Kini, usahanya melibatkan tujuh karyawan dengan sistem kerja sederhana. “Kalau setengah hari kerja, gajinya Rp50 ribu. Kalau lembur sampai malam, bisa Rp100 ribu,” jelas Nurlaela.

Di Sungsang, pekerjaan ini lebih dari sekadar mencari nafkah. Ada rasa kebersamaan yang tumbuh bersama setiap produk yang dihasilkan. Omzet usahanya pun berkembang, dari Rp15 juta per bulan hingga bisa menembus Rp60 juta saat Lebaran. Angka yang bukan sekadar keuntungan pribadi, tetapi denyut ekonomi yang menghidupi satu desa.

Limbah Jadi Inovasi: Sabun Pedada

Buah pedada sabun antiseptik alami.

Di tangan warga, buah pedada yang dulu dianggap tak berguna berubah jadi sabun antiseptik alami. Kandungan antibakterinya membuat sabun ini ramah kesehatan sekaligus ramah lingkungan. Prosesnya sederhana: buah diekstrak, dicampur minyak kelapa, diolah dengan bahan dasar sabun, lalu siap dipasarkan.

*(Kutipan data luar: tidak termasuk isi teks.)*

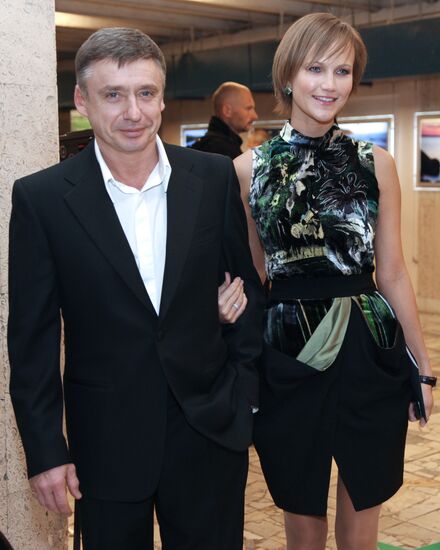 Actor Anton Tabakov with spouse Anzhelika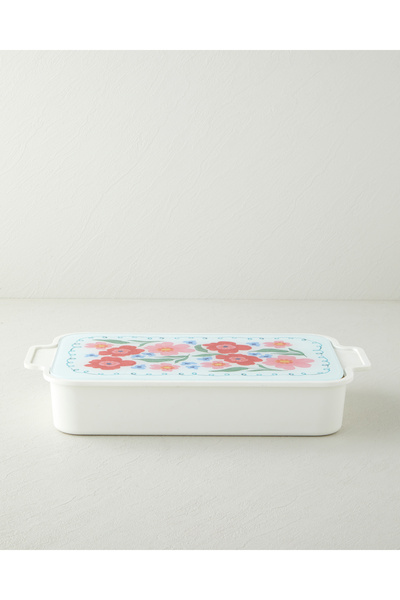 English Home Bright Floral Melamin 6'lı Cam Kapaklı Kahvaltılık 39x21 cm Renkli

Sabun pedada menjadi bukti bahwa hutan mangrove memberi lebih dari sekadar kayu atau pelindung abrasi. Ia memberi peluang baru, ide baru, bahkan identitas baru bagi masyarakat pesisir.

Lebih dari Sekadar Pohon

Cerita Nurlaela hanyalah satu potongan kecil dari ratusan warga Sungsang yang hidupnya berakar pada mangrove. Bagi mereka, setiap pohon bakau adalah pagar dari abrasi. Setiap buah pedada adalah peluang usaha. Setiap batang yang tumbuh adalah harapan masa depan.

Field Trip Forum Jurnalis Migas (FJM) 2025 yang digelar SKK Migas–KKKS Sumbagsel bersama Forum Jurnalis Migas Sumsel, menghadirkan makna lebih dari sekadar liputan. Ratusan bibit mangrove yang ditanam jurnalis dan humas perusahaan migas hari itu bukan hanya simbol, tapi jejak nyata warisan hijau.

“Kalau bukan mangrove, entah bagaimana nasib kami,” kata Nurlaela lirih, menatap lebatnya bakau yang melindungi desanya.

Nafas Baru dari Laut

Mangrove di Sungsang adalah rumah bagi biota laut, dapur bagi UMKM, benteng dari abrasi, sekaligus harapan bagi generasi berikutnya. Di setiap akarnya, kehidupan berpegangan erat. Di setiap daunnya, ada doa yang menggantung di langit pesisir Sumatera Selatan.

“Mangrove itu paru-paru dunia,” ujar Kepala Departemen Formalitas dan Komunikasi SKK Migas Sumbagsel, Syafei Syafri, menegaskan pentingnya menjaga kelestarian.

Di Sungsang, mangrove bukan hanya pohon. Ia adalah nafas baru. Nafas yang menjaga laut, menjaga manusia, dan menjaga masa depan.